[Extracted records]
--------------------------------------------------

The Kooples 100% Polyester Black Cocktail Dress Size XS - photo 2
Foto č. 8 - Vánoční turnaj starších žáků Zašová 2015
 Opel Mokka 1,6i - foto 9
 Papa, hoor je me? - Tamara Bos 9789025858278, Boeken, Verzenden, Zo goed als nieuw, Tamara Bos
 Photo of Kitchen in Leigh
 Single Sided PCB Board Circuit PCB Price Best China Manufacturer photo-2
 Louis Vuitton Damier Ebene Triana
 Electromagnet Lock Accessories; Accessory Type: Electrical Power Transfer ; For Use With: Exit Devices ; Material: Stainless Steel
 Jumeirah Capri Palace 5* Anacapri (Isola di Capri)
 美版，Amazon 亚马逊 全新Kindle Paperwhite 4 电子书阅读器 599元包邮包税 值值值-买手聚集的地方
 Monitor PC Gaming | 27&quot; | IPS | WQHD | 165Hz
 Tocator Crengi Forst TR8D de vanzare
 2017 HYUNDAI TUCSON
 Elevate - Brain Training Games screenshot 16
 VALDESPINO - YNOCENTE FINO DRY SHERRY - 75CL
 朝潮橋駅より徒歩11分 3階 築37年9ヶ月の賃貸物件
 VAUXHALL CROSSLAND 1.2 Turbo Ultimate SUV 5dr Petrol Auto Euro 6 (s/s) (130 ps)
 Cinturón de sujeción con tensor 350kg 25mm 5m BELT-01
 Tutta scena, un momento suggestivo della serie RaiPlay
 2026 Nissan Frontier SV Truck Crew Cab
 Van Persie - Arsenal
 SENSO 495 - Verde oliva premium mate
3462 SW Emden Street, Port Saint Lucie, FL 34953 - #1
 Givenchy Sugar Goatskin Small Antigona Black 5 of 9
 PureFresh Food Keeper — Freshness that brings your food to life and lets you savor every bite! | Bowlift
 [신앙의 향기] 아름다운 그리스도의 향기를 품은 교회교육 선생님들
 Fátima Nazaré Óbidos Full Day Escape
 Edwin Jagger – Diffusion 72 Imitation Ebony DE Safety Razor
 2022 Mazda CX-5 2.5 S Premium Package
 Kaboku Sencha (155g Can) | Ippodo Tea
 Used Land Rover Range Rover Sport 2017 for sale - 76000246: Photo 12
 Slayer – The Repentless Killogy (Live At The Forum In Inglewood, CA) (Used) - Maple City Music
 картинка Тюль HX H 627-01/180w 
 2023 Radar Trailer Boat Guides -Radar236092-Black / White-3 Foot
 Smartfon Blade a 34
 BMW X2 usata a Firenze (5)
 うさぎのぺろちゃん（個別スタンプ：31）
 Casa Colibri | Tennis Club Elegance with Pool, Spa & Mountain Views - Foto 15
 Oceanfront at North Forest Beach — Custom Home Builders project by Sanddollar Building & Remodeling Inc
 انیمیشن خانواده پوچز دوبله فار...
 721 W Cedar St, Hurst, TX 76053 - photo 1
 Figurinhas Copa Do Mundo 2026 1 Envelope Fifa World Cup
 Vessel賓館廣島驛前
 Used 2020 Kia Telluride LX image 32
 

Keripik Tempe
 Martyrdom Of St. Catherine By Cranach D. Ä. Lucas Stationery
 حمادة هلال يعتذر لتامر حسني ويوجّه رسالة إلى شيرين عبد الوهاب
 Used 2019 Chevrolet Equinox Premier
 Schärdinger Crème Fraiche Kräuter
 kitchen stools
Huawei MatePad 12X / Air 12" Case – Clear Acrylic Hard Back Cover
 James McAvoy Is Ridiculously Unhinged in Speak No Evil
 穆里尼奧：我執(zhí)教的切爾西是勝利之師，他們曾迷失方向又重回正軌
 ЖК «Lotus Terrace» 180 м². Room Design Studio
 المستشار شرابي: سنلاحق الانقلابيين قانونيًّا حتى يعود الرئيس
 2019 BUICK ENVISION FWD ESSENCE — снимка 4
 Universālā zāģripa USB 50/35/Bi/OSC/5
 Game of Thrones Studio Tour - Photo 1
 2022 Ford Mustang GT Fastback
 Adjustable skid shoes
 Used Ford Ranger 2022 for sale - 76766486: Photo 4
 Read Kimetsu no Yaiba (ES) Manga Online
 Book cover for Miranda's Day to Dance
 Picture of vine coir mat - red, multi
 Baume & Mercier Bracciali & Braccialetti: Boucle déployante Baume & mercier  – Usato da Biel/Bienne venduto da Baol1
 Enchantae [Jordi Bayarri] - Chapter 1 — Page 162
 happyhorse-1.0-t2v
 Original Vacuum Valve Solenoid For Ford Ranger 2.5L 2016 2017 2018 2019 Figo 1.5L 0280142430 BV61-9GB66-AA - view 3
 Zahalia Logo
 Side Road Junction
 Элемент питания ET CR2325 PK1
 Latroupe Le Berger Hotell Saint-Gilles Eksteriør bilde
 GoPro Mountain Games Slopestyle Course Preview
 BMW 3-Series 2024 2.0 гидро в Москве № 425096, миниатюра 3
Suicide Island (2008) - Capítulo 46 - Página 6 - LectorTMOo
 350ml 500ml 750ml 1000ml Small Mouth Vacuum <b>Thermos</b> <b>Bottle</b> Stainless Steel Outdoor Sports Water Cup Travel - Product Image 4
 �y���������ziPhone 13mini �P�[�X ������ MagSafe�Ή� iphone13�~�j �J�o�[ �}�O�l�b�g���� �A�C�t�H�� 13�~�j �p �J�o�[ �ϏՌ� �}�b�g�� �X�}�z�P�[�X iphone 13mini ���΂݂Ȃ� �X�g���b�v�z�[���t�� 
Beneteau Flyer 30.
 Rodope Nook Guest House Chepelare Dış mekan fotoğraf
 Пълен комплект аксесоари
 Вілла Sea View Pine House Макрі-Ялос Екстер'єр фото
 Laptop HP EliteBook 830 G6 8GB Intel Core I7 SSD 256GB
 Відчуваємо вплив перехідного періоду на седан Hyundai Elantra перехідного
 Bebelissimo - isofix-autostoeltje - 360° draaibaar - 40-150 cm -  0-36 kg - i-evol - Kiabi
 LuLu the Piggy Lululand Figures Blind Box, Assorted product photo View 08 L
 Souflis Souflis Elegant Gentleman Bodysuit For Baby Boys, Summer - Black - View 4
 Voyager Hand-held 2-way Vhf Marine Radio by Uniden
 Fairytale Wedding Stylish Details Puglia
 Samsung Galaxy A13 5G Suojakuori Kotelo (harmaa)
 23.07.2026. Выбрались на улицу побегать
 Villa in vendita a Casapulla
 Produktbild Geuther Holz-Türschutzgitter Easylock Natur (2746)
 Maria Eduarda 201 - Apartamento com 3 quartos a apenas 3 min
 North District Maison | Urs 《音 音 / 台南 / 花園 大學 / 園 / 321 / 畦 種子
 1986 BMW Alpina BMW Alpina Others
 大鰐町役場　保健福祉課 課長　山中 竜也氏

--------------------------------------------------

## Work to complete
Print out the data exactly once more.

## Output below
The Kooples 100% Polyester Black Cocktail Dress Size XS - photo 2
Foto č. 8 - Vánoční turnaj starších žáků Zašová 2015
 Opel Mokka 1,6i - foto 9
 Papa, hoor je me? - Tamara Bos 9789025858278, Boeken, Verzenden, Zo goed als nieuw, Tamara Bos
 Photo of Kitchen in Leigh
 Single Sided PCB Board Circuit PCB Price Best China Manufacturer photo-2
 Louis Vuitton Damier Ebene Triana
 Electromagnet Lock Accessories; Accessory Type: Electrical Power Transfer ; For Use With: Exit Devices ; Material: Stainless Steel
 Jumeirah Capri Palace 5* Anacapri (Isola di Capri)
 美版，Amazon 亚马逊 全新Kindle Paperwhite 4 电子书阅读器 599元包邮包税 值值值-买手聚集的地方
 Monitor PC Gaming | 27&quot; | IPS | WQHD | 165Hz
 Tocator Crengi Forst TR8D de vanzare
 2017 HYUNDAI TUCSON
 Elevate - Brain Training Games screenshot 16
 VALDESPINO - YNOCENTE FINO DRY SHERRY - 75CL
 朝潮橋駅より徒歩11分 3階 築37年9ヶ月の賃貸物件
 VAUXHALL CROSSLAND 1.2 Turbo Ultimate SUV 5dr Petrol Auto Euro 6 (s/s) (130 ps)
 Cinturón de sujeción con tensor 350kg 25mm 5m BELT-01
 Tutta scena, un momento suggestivo della serie RaiPlay
 2026 Nissan Frontier SV Truck Crew Cab
 Van Persie - Arsenal
 SENSO 495 - Verde oliva premium mate
3462 SW Emden Street, Port Saint Lucie, FL 34953 - #1
 Givenchy Sugar Goatskin Small Antigona Black 5 of 9
 PureFresh Food Keeper — Freshness that brings your food to life and lets you savor every bite! | Bowlift
 [신앙의 향기] 아름다운 그리스도의 향기를 품은 교회교육 선생님들
 Fátima Nazaré Óbidos Full Day Escape
 Edwin Jagger – Diffusion 72 Imitation Ebony DE Safety Razor
 2022 Mazda CX-5 2.5 S Premium Package
 Kaboku Sencha (155g Can) | Ippodo Tea
 Used Land Rover Range Rover Sport 2017 for sale - 76000246: Photo 12
 Slayer – The Repentless Killogy (Live At The Forum In Inglewood, CA) (Used) - Maple City Music
 картинка Тюль HX H 627-01/180w 
 2023 Radar Trailer Boat Guides -Radar236092-Black / White-3 Foot
 Smartfon Blade a 34
 BMW X2 usata a Firenze (5)
 うさぎのぺろちゃん（個別スタンプ：31）
 Casa Colibri | Tennis Club Elegance with Pool, Spa & Mountain Views - Foto 15
 Oceanfront at North Forest Beach — Custom Home Builders project by Sanddollar Building & Remodeling Inc
 انیمیشن خانواده پوچز دوبله فار...
 721 W Cedar St, Hurst, TX 76053 - photo 1
 Figurinhas Copa Do Mundo 2026 1 Envelope Fifa World Cup
 Vessel賓館廣島驛前
 Used 2020 Kia Telluride LX image 32
 

Keripik Tempe
 Martyrdom Of St. Catherine By Cranach D. Ä. Lucas Stationery
 حمادة هلال يعتذر لتامر حسني ويوجّه رسالة إلى شيرين عبد الوهاب
 Used 2019 Chevrolet Equinox Premier
 Schärdinger Crème Fraiche Kräuter
 kitchen stools
Huawei MatePad 12X / Air 12" Case – Clear Acrylic Hard Back Cover
 James McAvoy Is Ridiculously Unhinged in Speak No Evil
 穆里尼奧：我執(zhí)教的切爾西是勝利之師，他們曾迷失方向又重回正軌
 ЖК «Lotus Terrace» 180 м². Room Design Studio
 المستشار شرابي: سنلاحق الانقلابيين قانونيًّا حتى يعود الرئيس
 2019 BUICK ENVISION FWD ESSENCE — снимка 4
 Universālā zāģripa USB 50/35/Bi/OSC/5
 Game of Thrones Studio Tour - Photo 1
 2022 Ford Mustang GT Fastback
 Adjustable skid shoes
 Used Ford Ranger 2022 for sale - 76766486: Photo 4
 Read Kimetsu no Yaiba (ES) Manga Online
 Book cover for Miranda's Day to Dance
 Picture of vine coir mat - red, multi
 Baume & Mercier Bracciali & Braccialetti: Boucle déployante Baume & mercier  – Usato da Biel/Bienne venduto da Baol1
 Enchantae [Jordi Bayarri] - Chapter 1 — Page 162
 happyhorse-1.0-t2v
 Original Vacuum Valve Solenoid For Ford Ranger 2.5L 2016 2017 2018 2019 Figo 1.5L 0280142430 BV61-9GB66-AA - view 3
 Zahalia Logo
 Side Road Junction
 Элемент питания ET CR2325 PK1
 Latroupe Le Berger Hotell Saint-Gilles Eksteriør bilde
 GoPro Mountain Games Slopestyle Course Preview
 BMW 3-Series 2024 2.0 гидро в Москве № 425096, миниатюра 3
Suicide Island (2008) - Capítulo 46 - Página 6 - LectorTMOo
 350ml 500ml 750ml 1000ml Small Mouth Vacuum <b>Thermos</b> <b>Bottle</b> Stainless Steel Outdoor Sports Water Cup Travel - Product Image 4
 �y���������ziPhone 13mini �P�[�X ������ MagSafe�Ή� iphone13�~�j �J�o�[ �}�O�l�b�g���� �A�C�t�H�� 13�~�j �p �J�o�[ �ϏՌ� �}�b�g�� �X�}�z�P�[�X iphone 13mini ���΂݂Ȃ� �X�g���b�v�z�[���t�� 
Beneteau Flyer 30.
 Rodope Nook Guest House Chepelare Dış mekan fotoğraf
 Пълен комплект аксесоари
 Вілла Sea View Pine House Макрі-Ялос Екстер'єр фото
 Laptop HP EliteBook 830 G6 8GB Intel Core I7 SSD 256GB
 Відчуваємо вплив перехідного періоду на седан Hyundai Elantra перехідного
 Bebelissimo - isofix-autostoeltje - 360° draaibaar - 40-150 cm -  0-36 kg - i-evol - Kiabi
 LuLu the Piggy Lululand Figures Blind Box, Assorted product photo View 08 L
 Souflis Souflis Elegant Gentleman Bodysuit For Baby Boys, Summer - Black - View 4
 Voyager Hand-held 2-way Vhf Marine Radio by Uniden
 Fairytale Wedding Stylish Details Puglia
 Samsung Galaxy A13 5G Suojakuori Kotelo (harmaa)
 23.07.2026. Выбрались на улицу побегать
 Villa in vendita a Casapulla
 Produktbild Geuther Holz-Türschutzgitter Easylock Natur (2746)
 Maria Eduarda 201 - Apartamento com 3 quartos a apenas 3 min
 North District Maison | Urs 《音 音 / 台南 / 花園 大學 / 園 / 321 / 畦 種子
 1986 BMW Alpina BMW Alpina Others
 大鰐町役場　保健福祉課 課長　山中 竜也氏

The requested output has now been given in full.